_Exercise brief_:
Print the line containing "Ice Cream,strobery Classic", then every line after it through the end of the material, exactly as written and without pictures.

_Information given_:

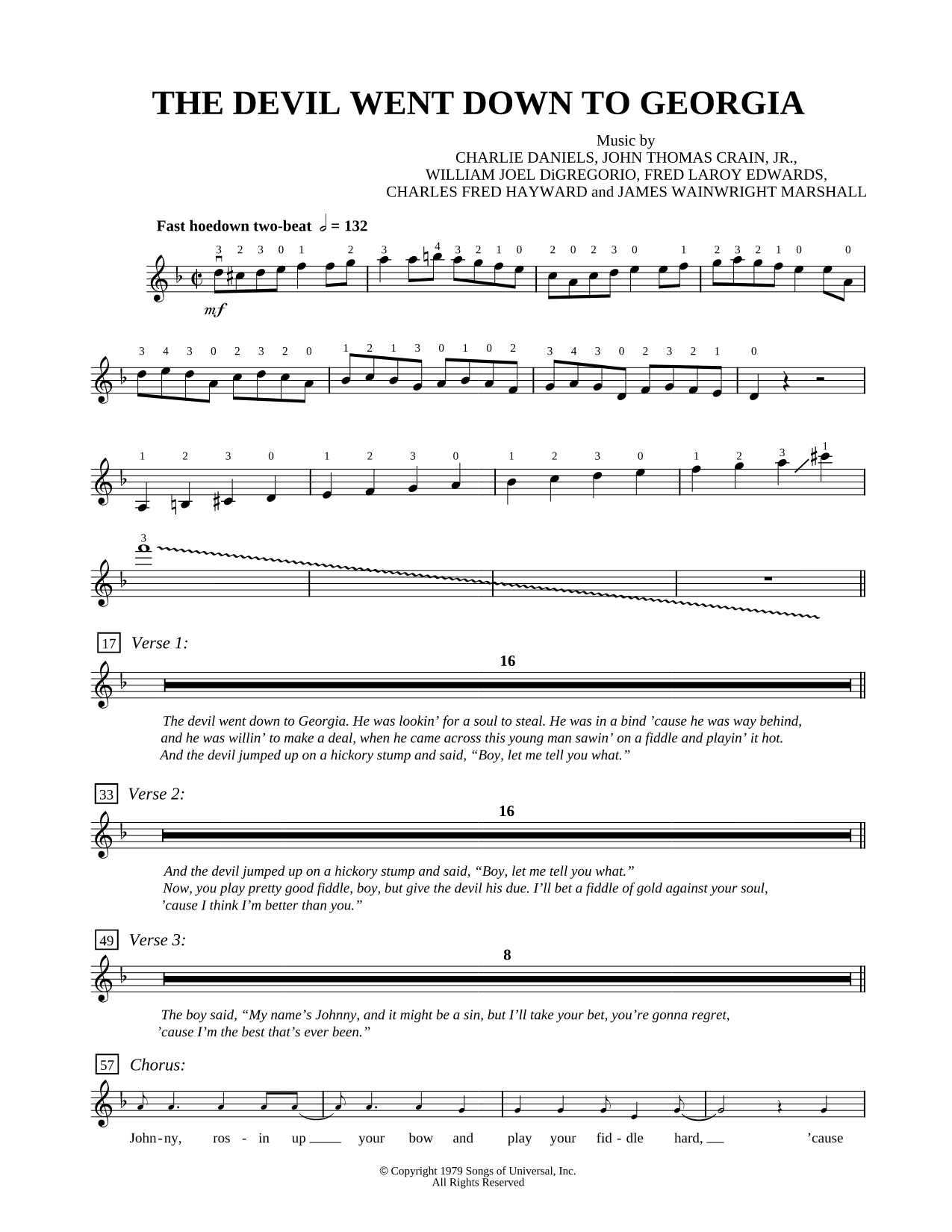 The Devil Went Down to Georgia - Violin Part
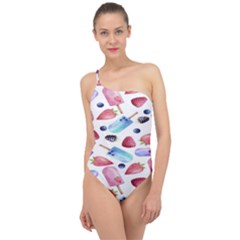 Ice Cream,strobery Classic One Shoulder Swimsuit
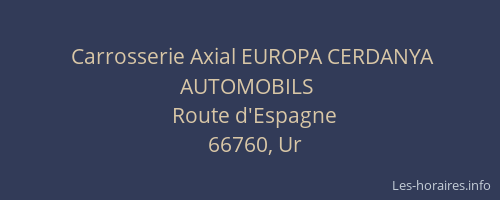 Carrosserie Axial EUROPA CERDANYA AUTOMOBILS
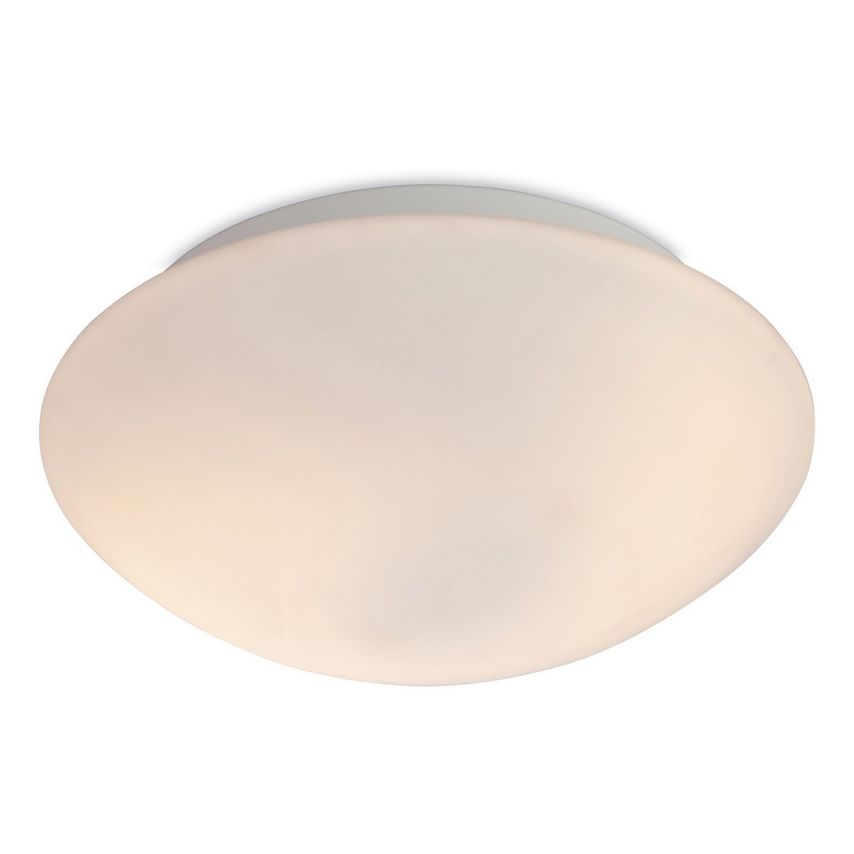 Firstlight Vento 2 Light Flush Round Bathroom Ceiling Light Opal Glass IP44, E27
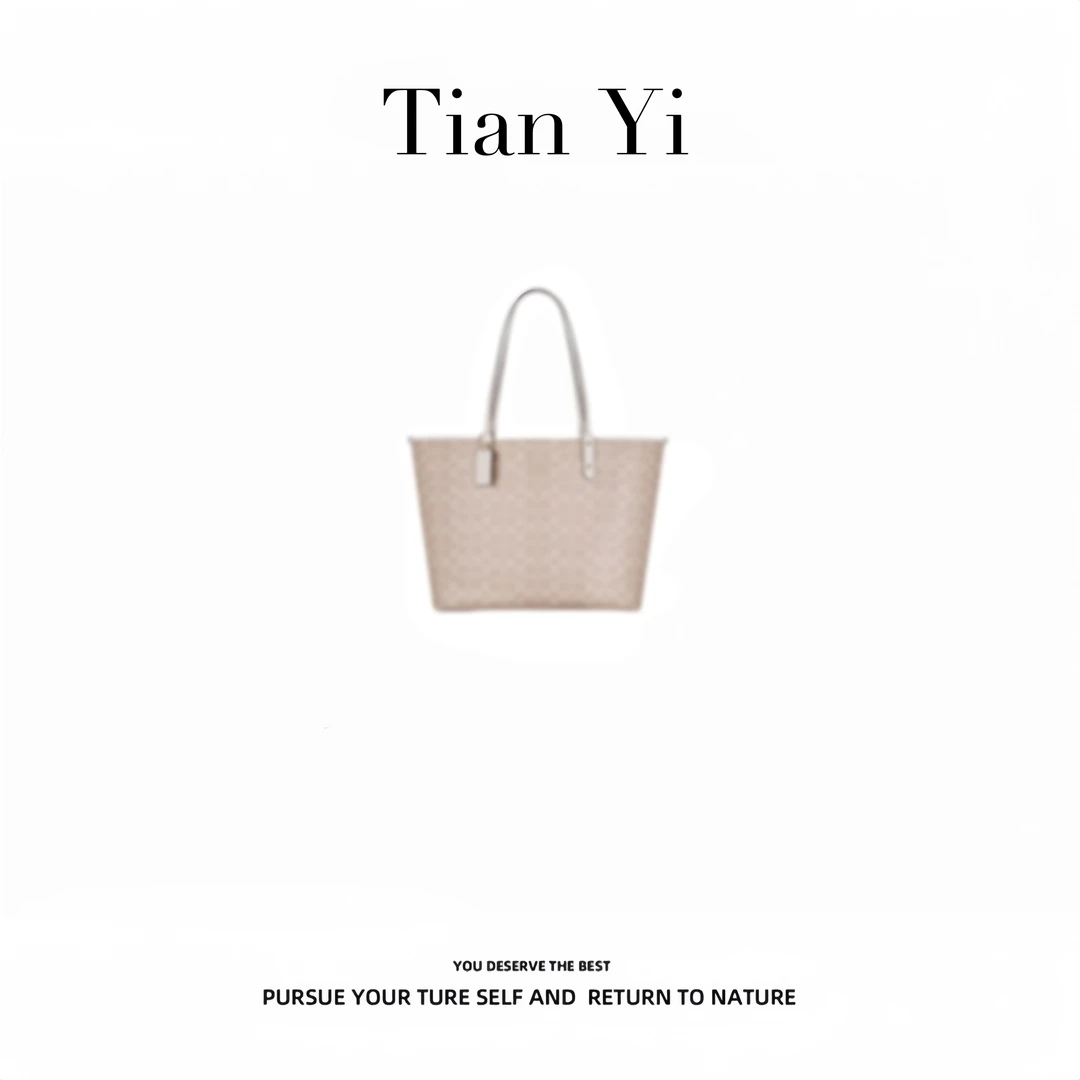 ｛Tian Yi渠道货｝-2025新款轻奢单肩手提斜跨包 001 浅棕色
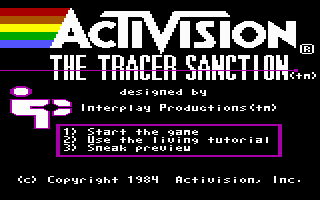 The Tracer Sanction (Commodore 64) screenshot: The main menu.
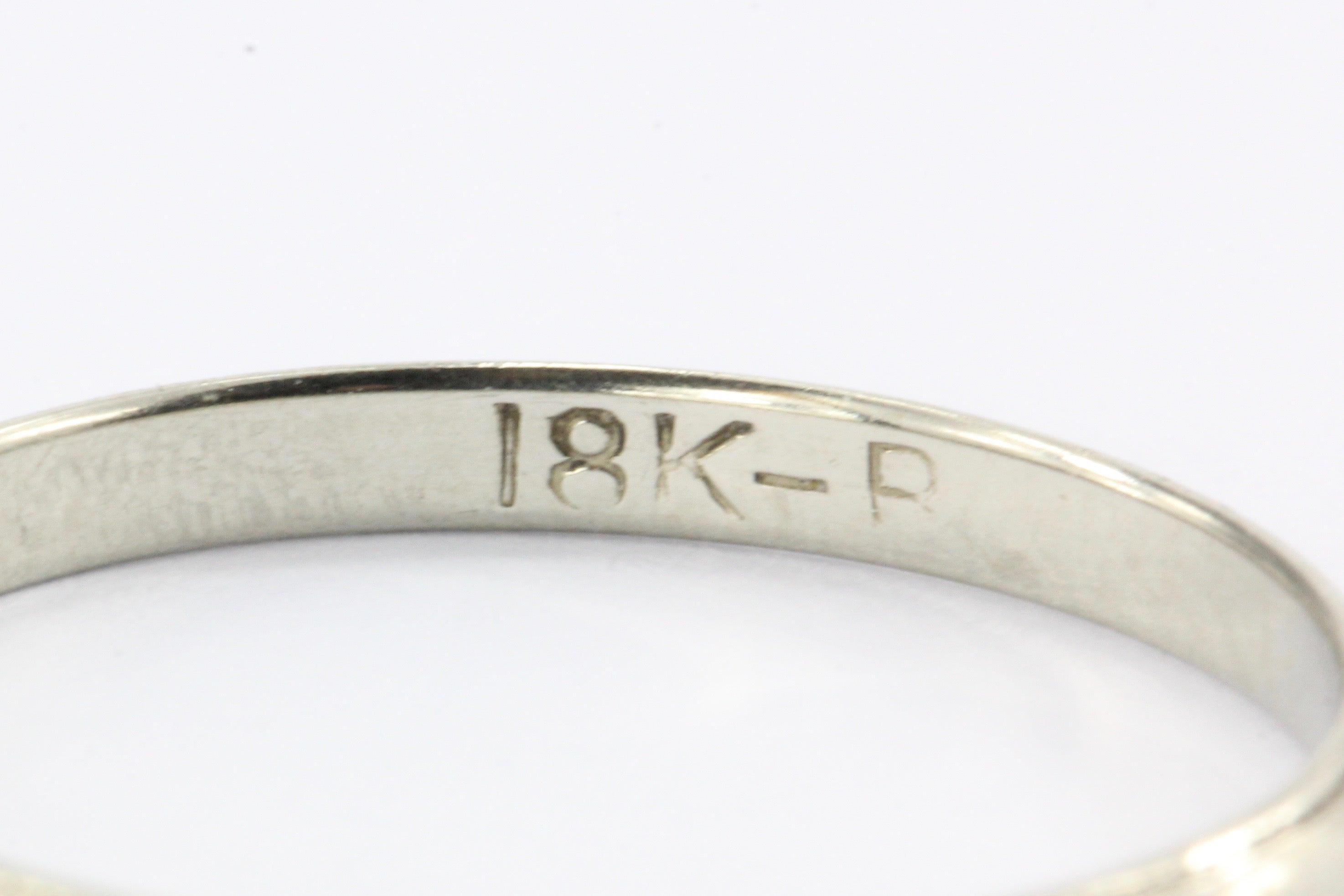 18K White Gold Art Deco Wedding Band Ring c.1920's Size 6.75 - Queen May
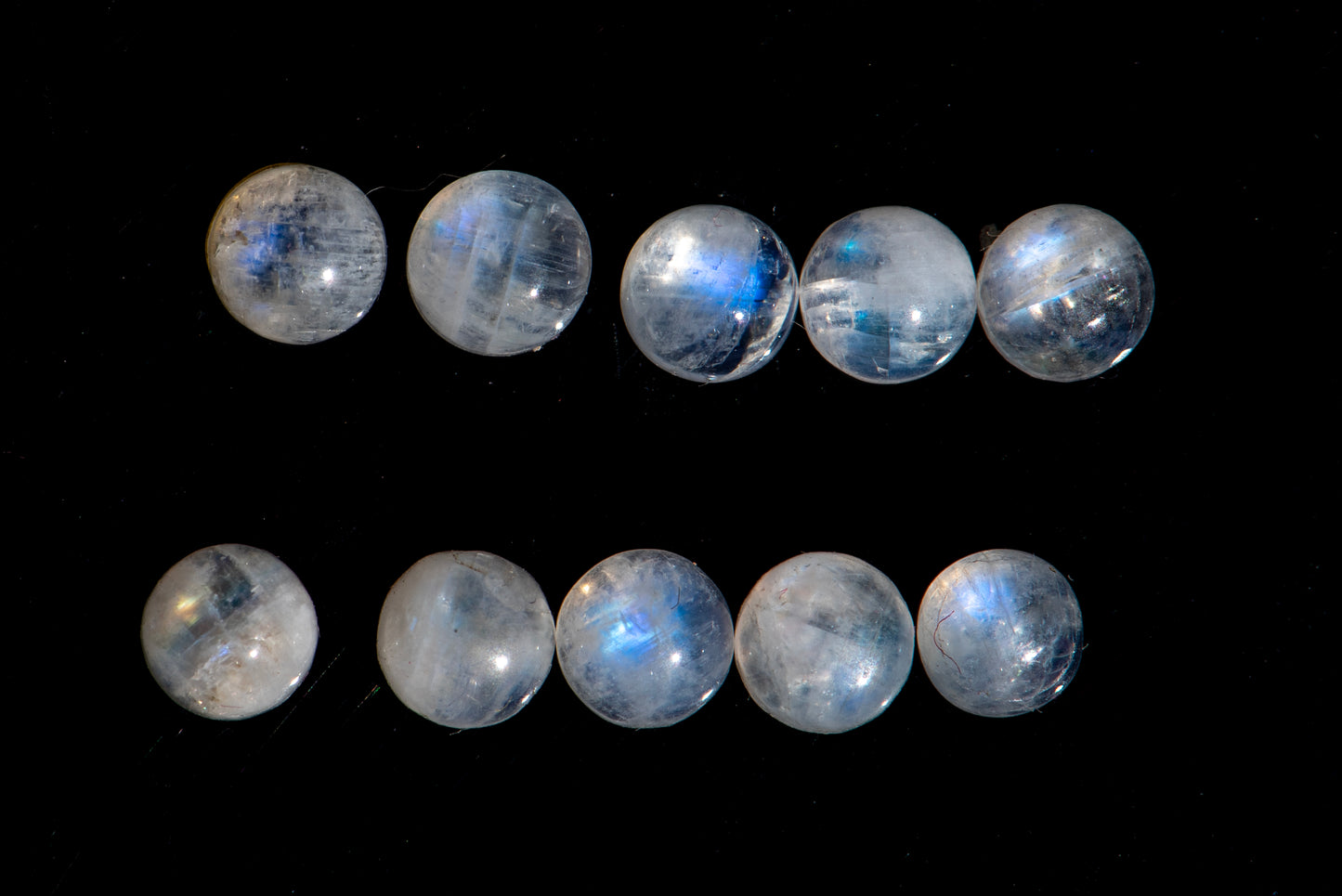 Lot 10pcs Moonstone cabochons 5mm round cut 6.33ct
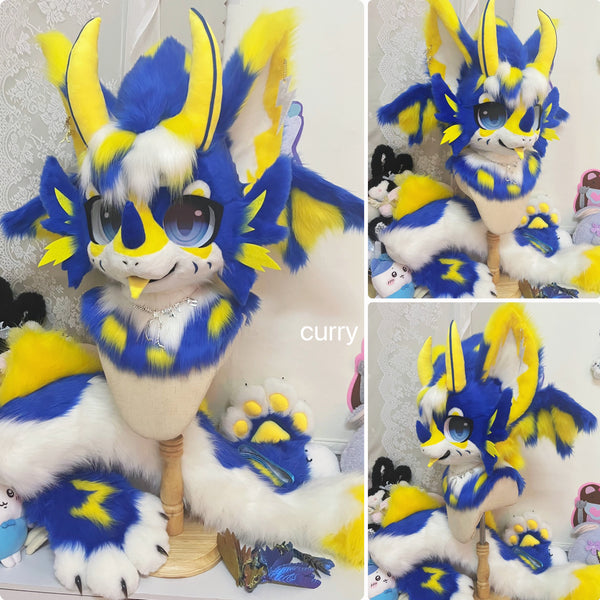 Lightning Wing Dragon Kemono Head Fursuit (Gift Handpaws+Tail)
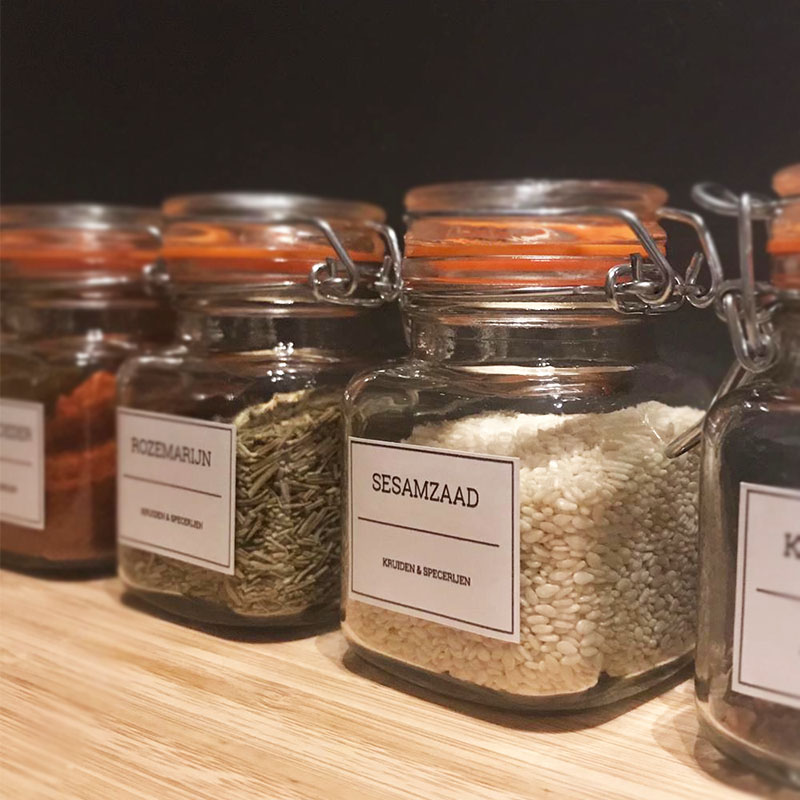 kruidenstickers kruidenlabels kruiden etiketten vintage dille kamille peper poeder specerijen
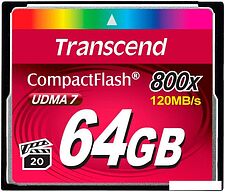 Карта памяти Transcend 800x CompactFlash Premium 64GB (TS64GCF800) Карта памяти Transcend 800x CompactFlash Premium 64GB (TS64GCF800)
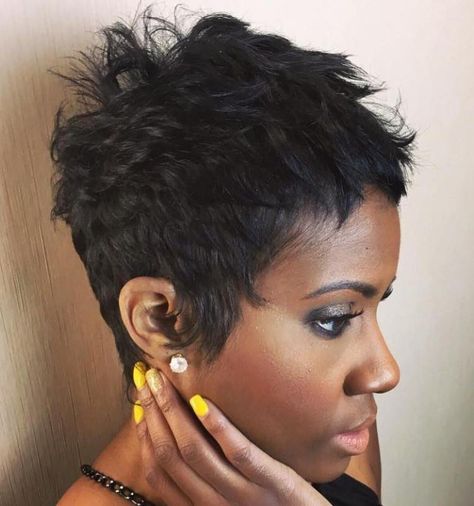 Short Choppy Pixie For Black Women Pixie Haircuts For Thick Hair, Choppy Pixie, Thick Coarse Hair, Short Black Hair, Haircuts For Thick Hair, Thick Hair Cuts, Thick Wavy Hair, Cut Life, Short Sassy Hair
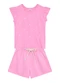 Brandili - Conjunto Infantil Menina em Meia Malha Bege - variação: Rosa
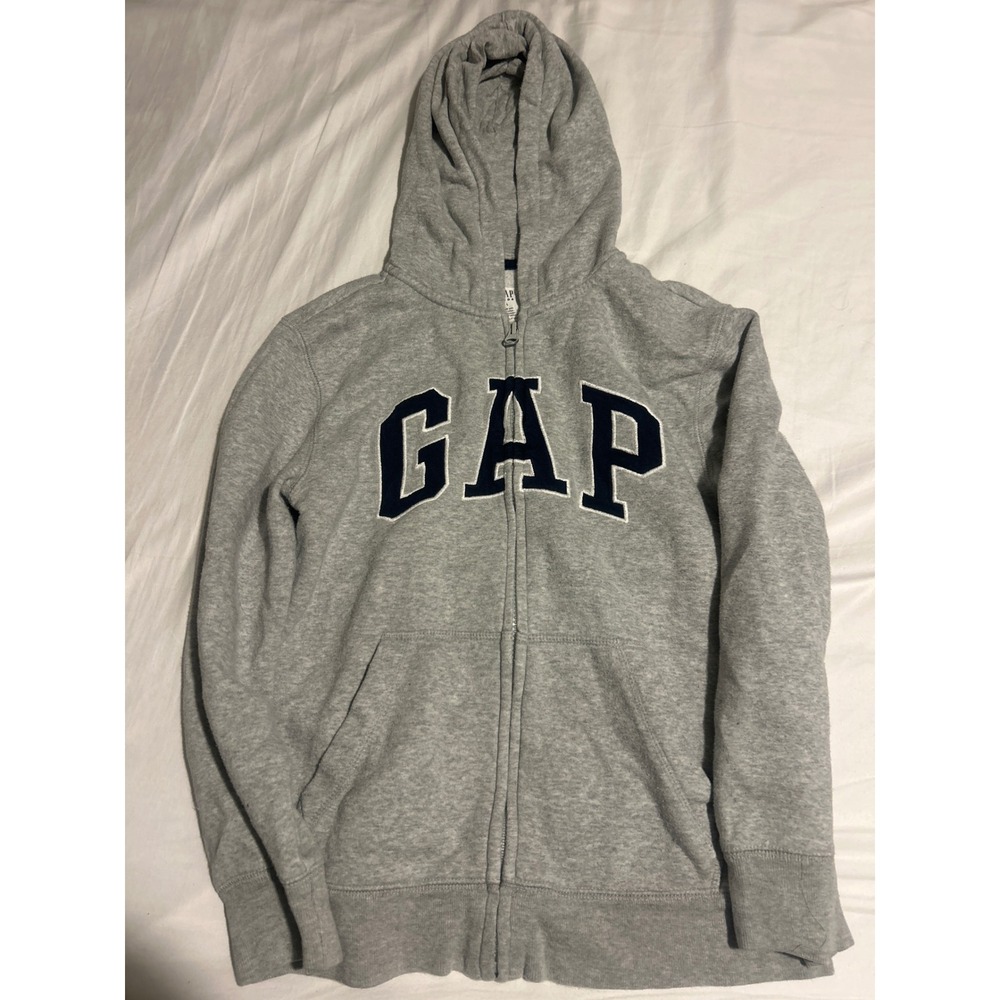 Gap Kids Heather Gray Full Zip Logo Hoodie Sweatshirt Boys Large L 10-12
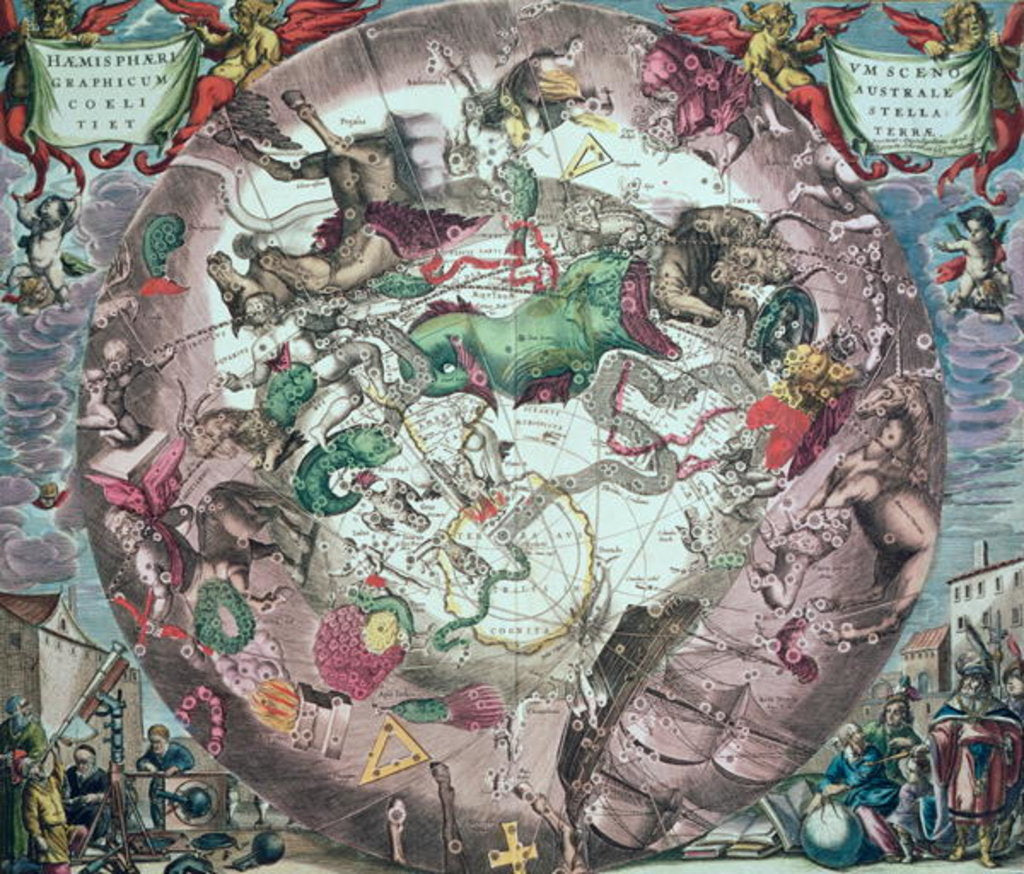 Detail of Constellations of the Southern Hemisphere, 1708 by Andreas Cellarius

_Solved exercise_:
 Ice Cream,strobery Classic One Shoulder Swimsuit
 Carrosserie Axial EUROPA CERDANYA AUTOMOBILS
 Firstlight Vento 2 Light Flush Round Bathroom Ceiling Light Opal Glass IP44, E27
 ｛Tian Yi渠道货｝-2025新款轻奢单肩手提斜跨包 001 浅棕色
 The Tracer Sanction (Commodore 64) screenshot: The main menu.
 18K White Gold Art Deco Wedding Band Ring c.1920's Size 6.75 - Queen May
 Lot 10pcs Moonstone cabochons 5mm round cut 6.33ct
 Lightning Wing Dragon Kemono Head Fursuit (Gift Handpaws+Tail)
 kruidenstickers kruidenlabels kruiden etiketten vintage dille kamille peper poeder specerijen
 Карта памяти Transcend 800x CompactFlash Premium 64GB (TS64GCF800) Карта памяти Transcend 800x CompactFlash Premium 64GB (TS64GCF800)
 Short Choppy Pixie For Black Women Pixie Haircuts For Thick Hair, Choppy Pixie, Thick Coarse Hair, Short Black Hair, Haircuts For Thick Hair, Thick Hair Cuts, Thick Wavy Hair, Cut Life, Short Sassy Hair
 Brandili - Conjunto Infantil Menina em Meia Malha Bege - variação: Rosa
 Gap Kids Heather Gray Full Zip Logo Hoodie Sweatshirt Boys Large L 10-12
 Detail of Constellations of the Southern Hemisphere, 1708 by Andreas Cellarius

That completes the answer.